"I was born at Cenacle Cottage which had a street address of 20 Childwall Road; Wavertree in the early part of 1933, for the benefit of those who were not around at that time, Cenacle Cottage was the gardener's residence, which was located in the grounds of the Cenacle Convent, whose main entrance was located in Lance Lane. The grounds of the convent were very extensive extending east from Lance Lane to the rear of the houses in Woodsorrel Road and south from Childwall Road to the rear of Tulip Road.
"The garden was maintained by my father and an assistant gardener and consisted of a very large vegetable garden, which was required to produce vegetables all year round for about 100 nuns and novices, who lived at the convent. There was also a large orchard with rows of fruit trees of every description and many of the pathways in the vegetable garden were also lined with fruit trees, needless to say there was always an abundance of fruit available and in the spring the blossom was a sight to behold.
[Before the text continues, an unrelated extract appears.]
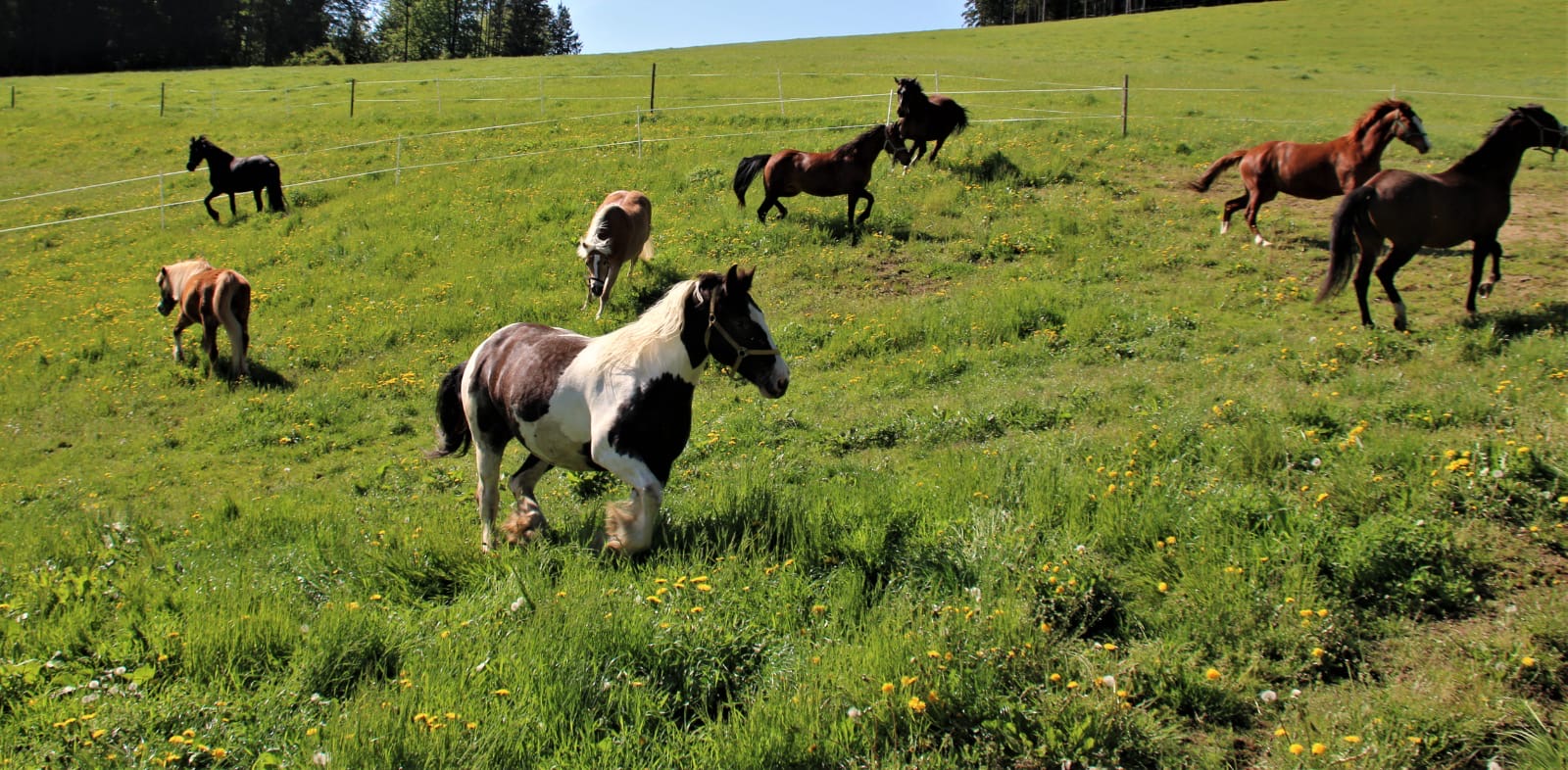 59109e31-3a58-470e-956f-897981f43645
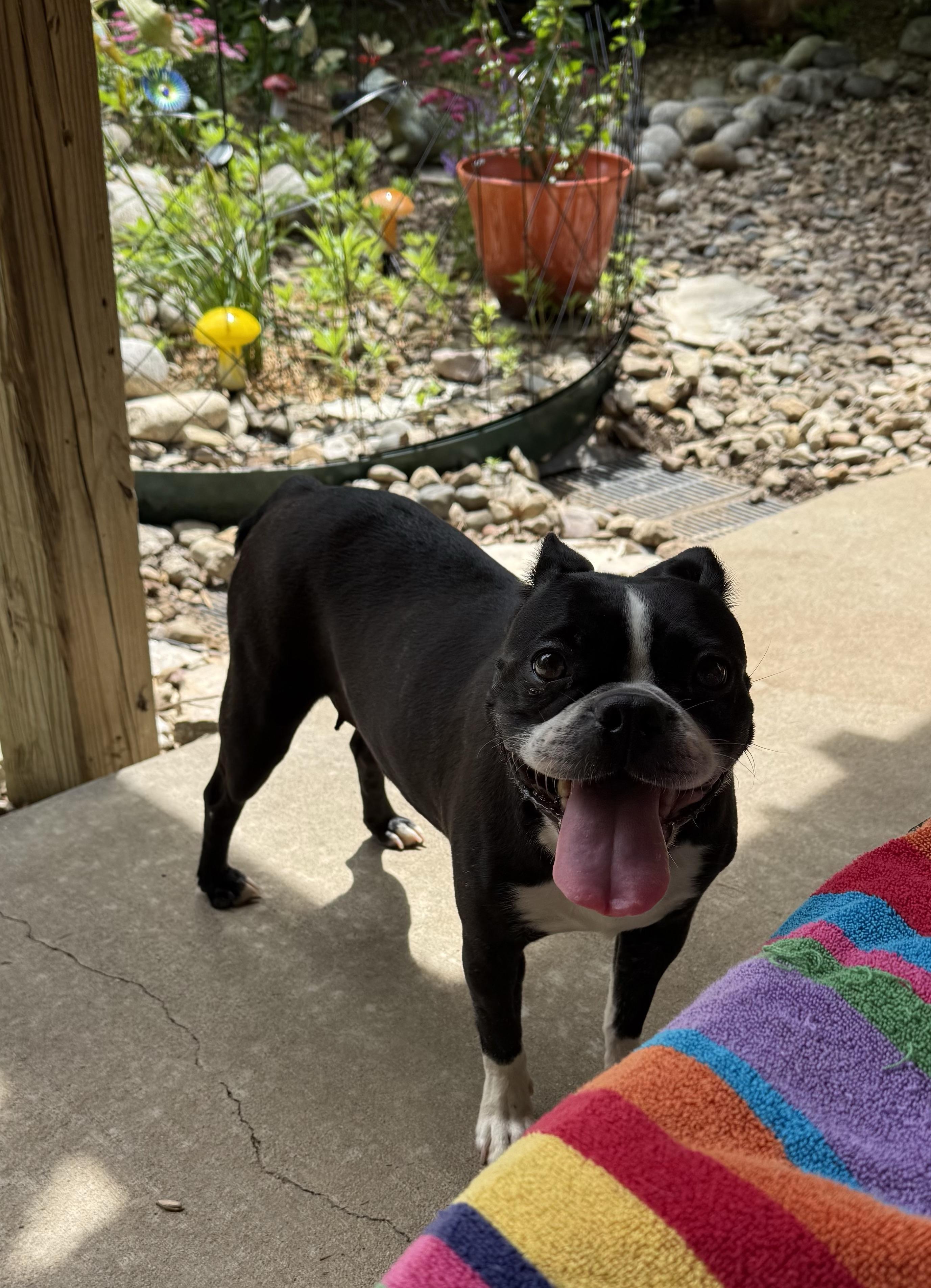 Twila in KS, a ADOPTABLE Boston Terrier in Wichita, KS image 2/6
"In addition to the vegetable garden and orchard there was a large enclosure, which was maintained by the nuns and where hens, ducks and geese were housed to provide eggs and fowl for the convent table. Separating the garden from Childwall road were four tennis courts and a tennis pavilion for the use of novices, visitors and guests of the convent. Extending from the north boundary of the vegetable garden to the main building of the convent was a lawn the size of a football pitch with walkways on the eastern side, flanked by Rhododendron bushes and Roses on the western side. An eight-foot wall, which enabled the nuns to meditate unobserved in the peace and tranquillity of their surroundings, surrounded this area.
"Incidentally the transformation from a bare field to such a practical and idyllic setting was instigated and completed after many years toil by my father John Alfred Neill aided and abetted by his elderly Irish assistant known by us children only as Paddy, with regard to Paddy an amusing incident springs to mind which occurred during the blitz in 1941.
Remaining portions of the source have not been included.